You know thats not Freddie in that picture, right?

and yeah, Cipo is riding specialized alu framesets. A mechanic confirmed that they are alu and Cipo has a deal with specialized, (helmet, glasses, and bike)

Also on a note that he is not using any of their sponsors, except clothing:
Specialized frames instead of de rosa
shimano components instead of shimano
lightweight/ mavic/ hed wheels instead of cole
specialized helmet/ glasses instead of las
oval bars instead of stella azzura


----------



## ssmike (Mar 22, 2007)

Mosovich said:


> I'd put big money on it that Cipo is on one of his old Specialized frames rebadged with his name.


Cipollini has a deal with Max Lelli and is probably on a custom painted Lelli.


----------



## mytorelli (Dec 19, 2004)

ssmike said:


> Cipollini has a deal with Max Lelli and is probably on a custom painted Lelli.
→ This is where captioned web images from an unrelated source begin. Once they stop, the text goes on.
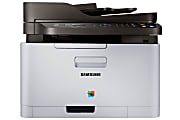 Samsung Xpress C460FW Wireless Color All-In-One Printer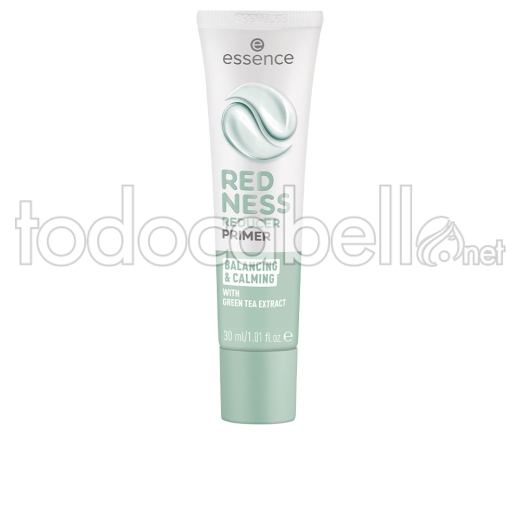 Essence Redness Reducer Prebase Reductora De Las Rojeces 30 Ml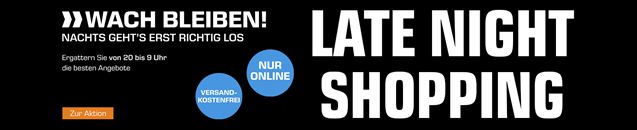 Bild zu Saturn Late Night Shopping mit „Smartphone Nacht“ & „Netzwerk Nacht“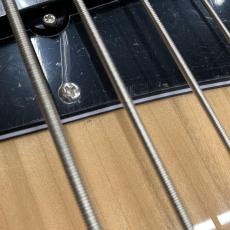 Squier by Fender Classic Vibe ’70s Jazz Bass V Maple Fingerboard Natural_9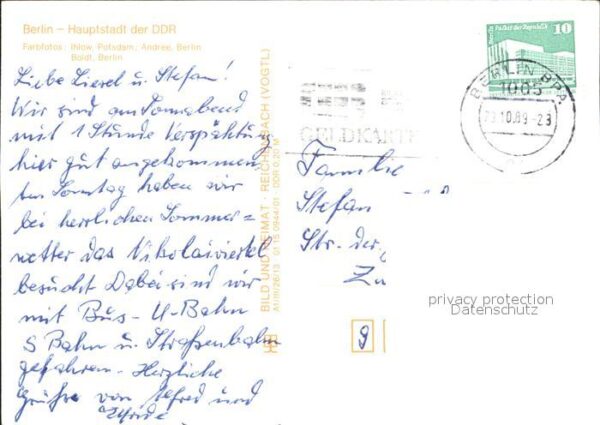 Berlin Nikolaiviertel – Bild 2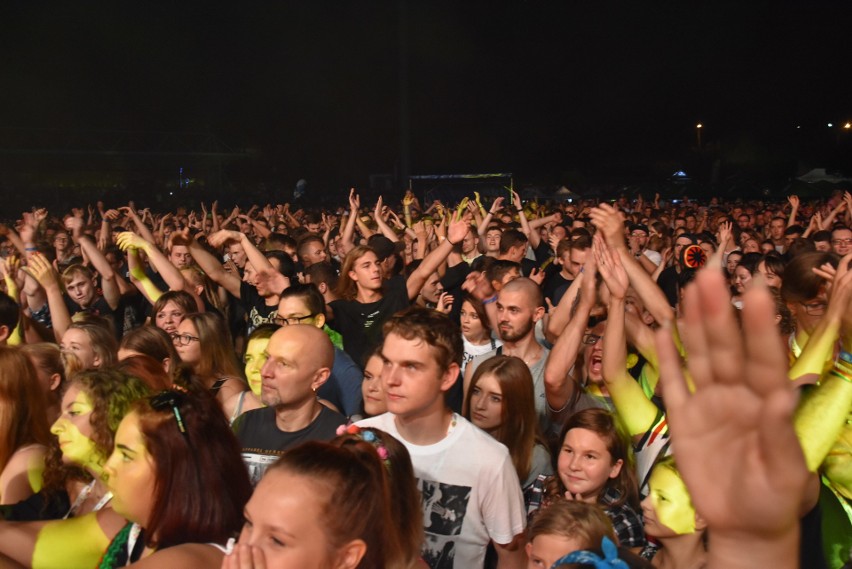 Festiwal Reggae 2018 w Wodzisławiu: Tabu rozgrzał...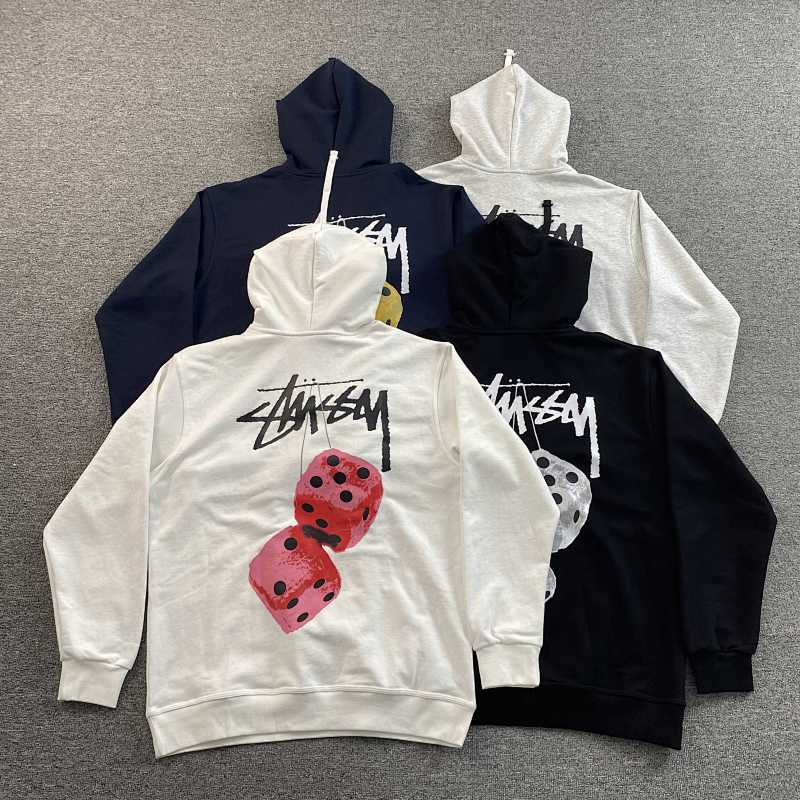 STUSSY HOODIES (7)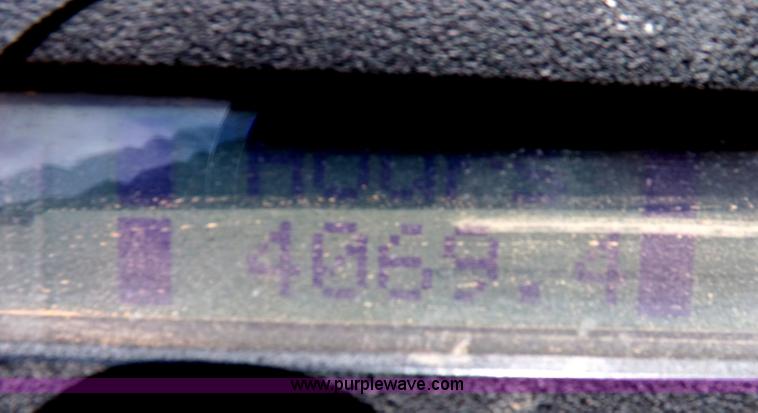 image for item H7115 1995 Vermeer T555 trencher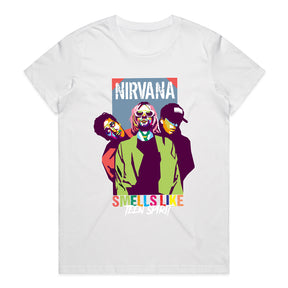 NIRVANA - SMELLS LIKE TEEN SPIRIT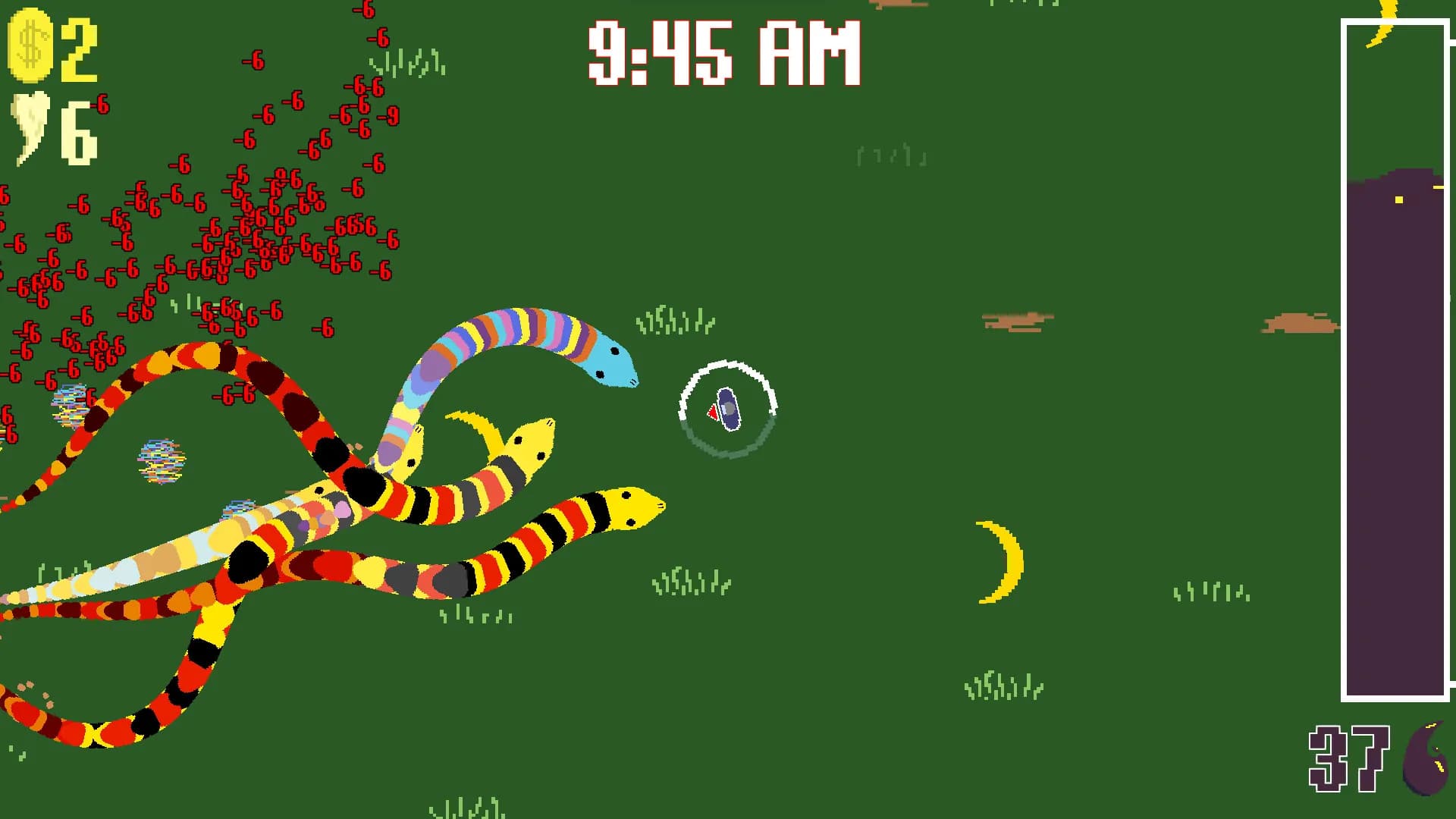 SNAKE FARM screenshot screenshot 2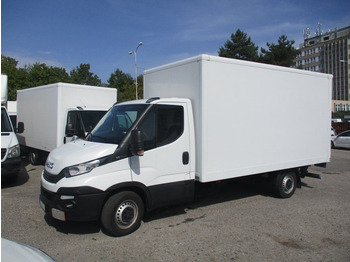 Fourgon grand volume IVECO Daily 35s16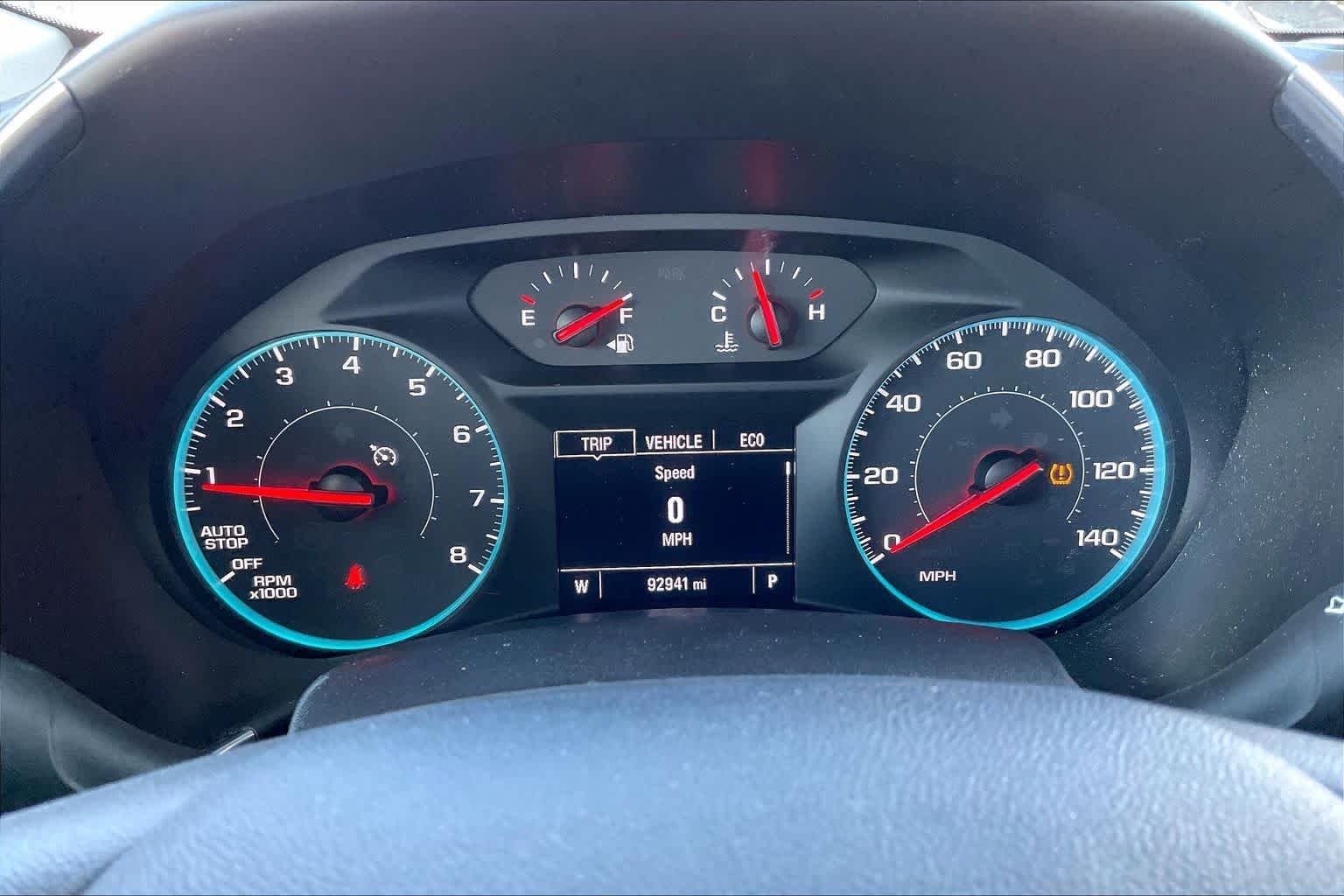 Used 2018 SUMMIT WHITE Chevrolet LS image 25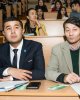 Встреча с иностранными студентами СКГУ им. М. Козыбаева 
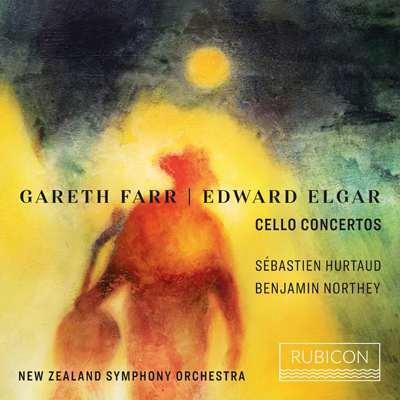 Cello Concertos - CD Audio di Edward Elgar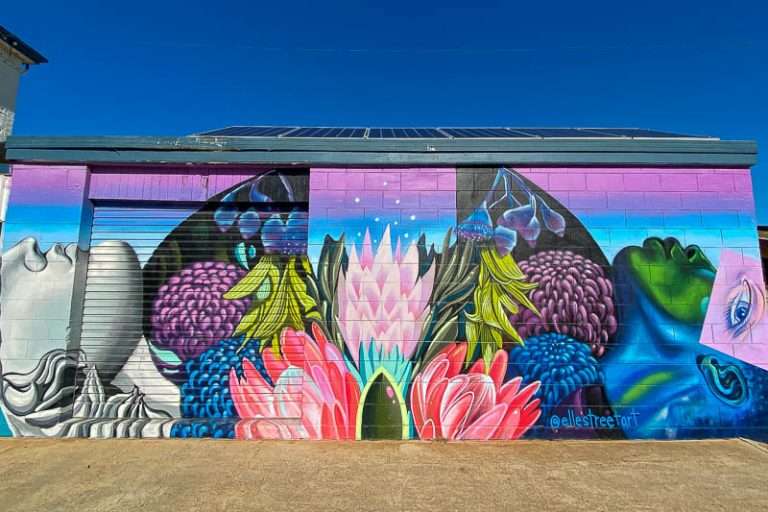 Tumby Bay Street Art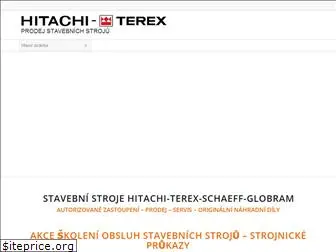 hitachi-terex.cz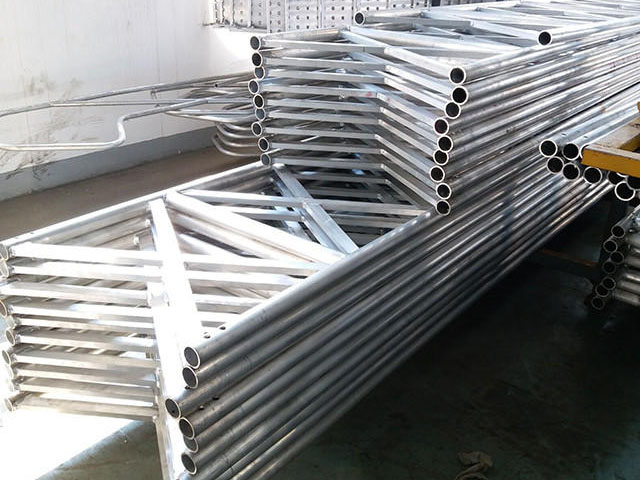 Aluminum Beam
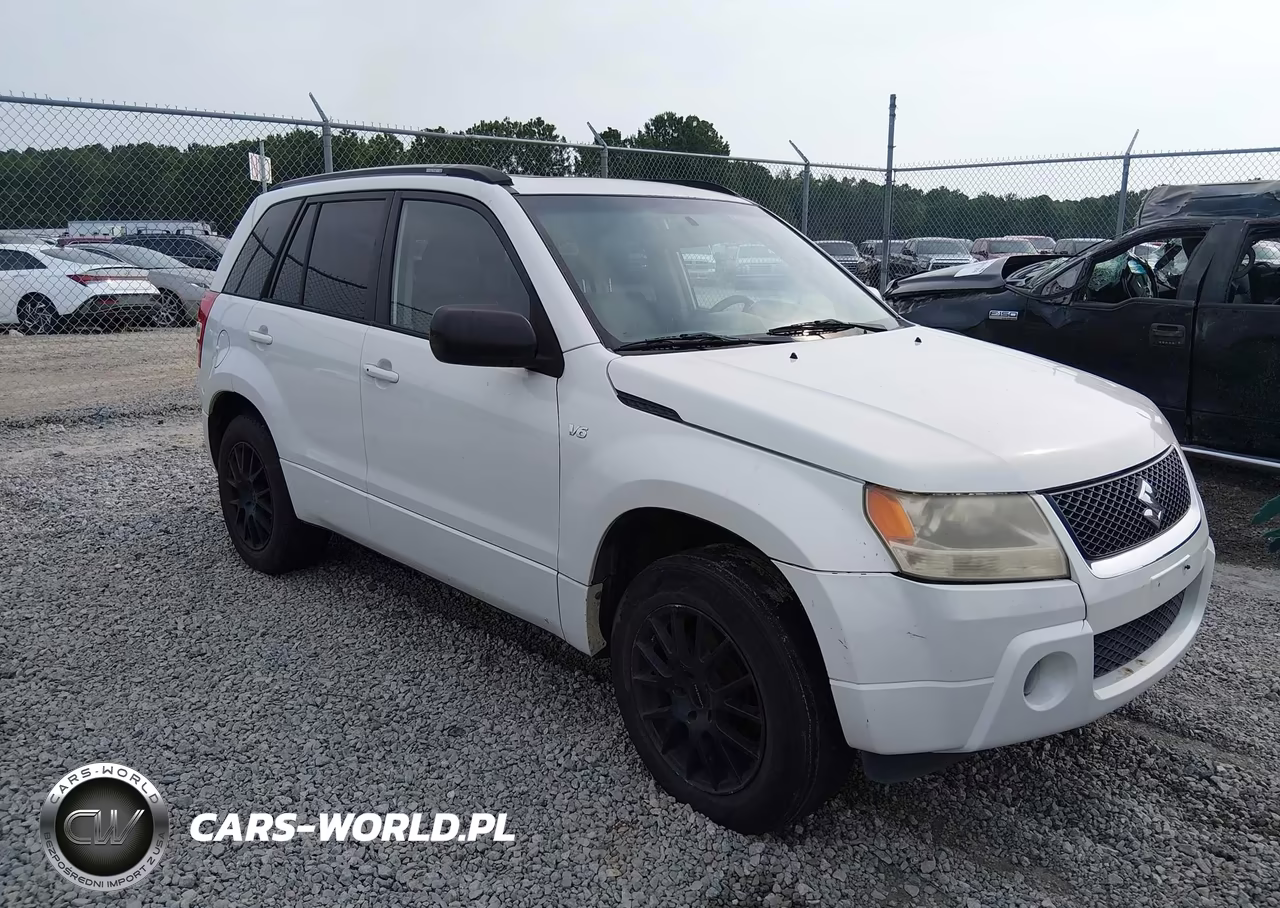 2006 Suzuki Grand Vitara Luxury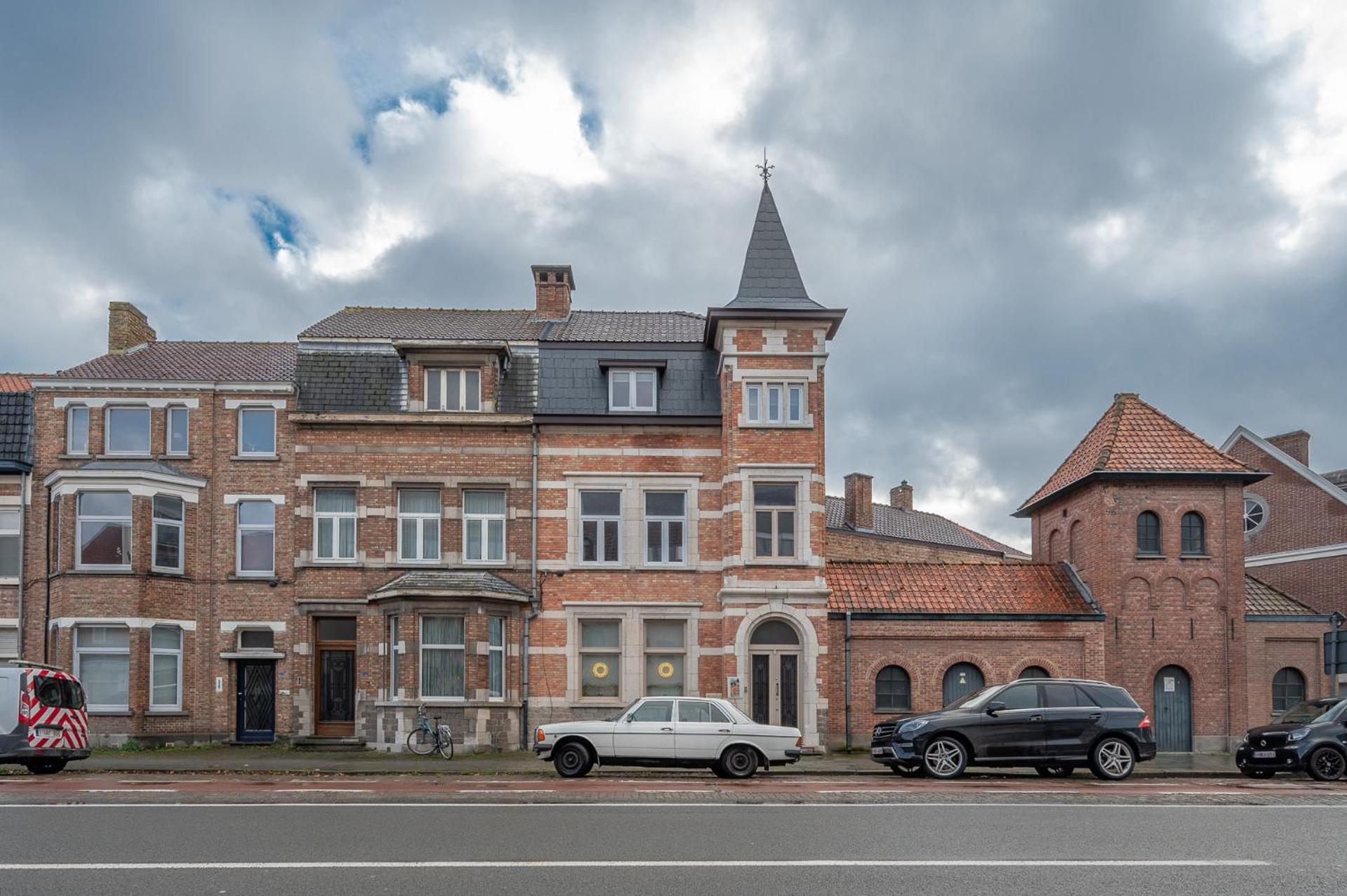 Villa Cezar - Big House At The Center Of Bruges - Free Parking ภายนอก รูปภาพ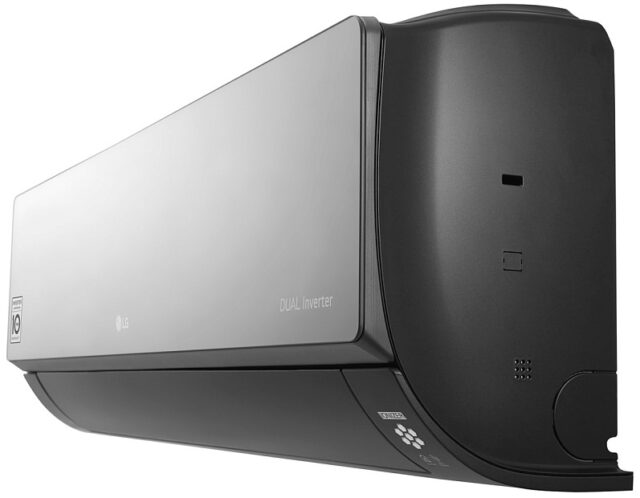 Настенный внутренний блок мульти-сплит системы Lg AC12BK.NSJR — изображение 5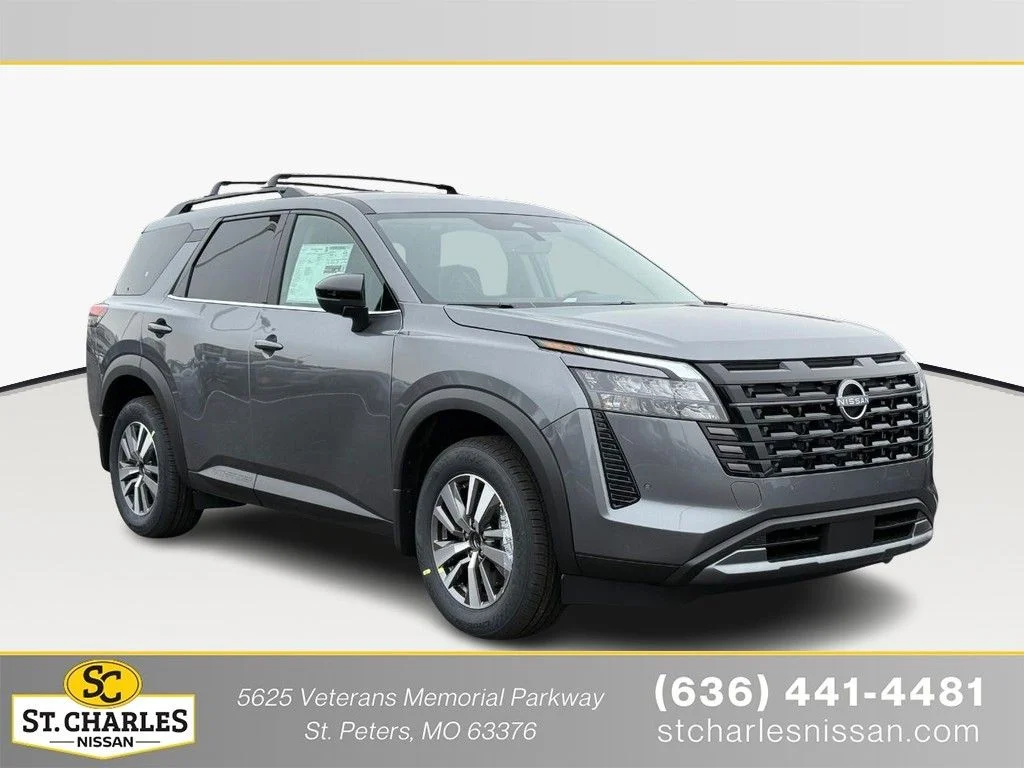 2026 Nissan Pathfinder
I know he road Lelli bikes at interbike, but i think this black one might be different. I know its aluminum and Max Lelli doesn't have any aluminum frames, not saying he doesnt make a custom alu frame for Mario, but that would be a lot of effort

the white Cipollini bike also has a different head tube than Max Lelli's bikes.. (again its possible that Max Lelli can make a custom frame for Mario, but its for certain that he's not on any stock Lelli frames)


----------



## ssmike (Mar 22, 2007)

mytorelli said:


> I know he road Lelli bikes at interbike, but i think this black one might be different. I know its aluminum and Max Lelli doesn't have any aluminum frames, not saying he doesnt make a custom alu frame for Mario, but that would be a lot of effort
> 
> the white Cipollini bike also has a different head tube than Max Lelli's bikes.. (again its possible that Max Lelli can make a custom frame for Mario, but its for certain that he's not on any stock Lelli frames)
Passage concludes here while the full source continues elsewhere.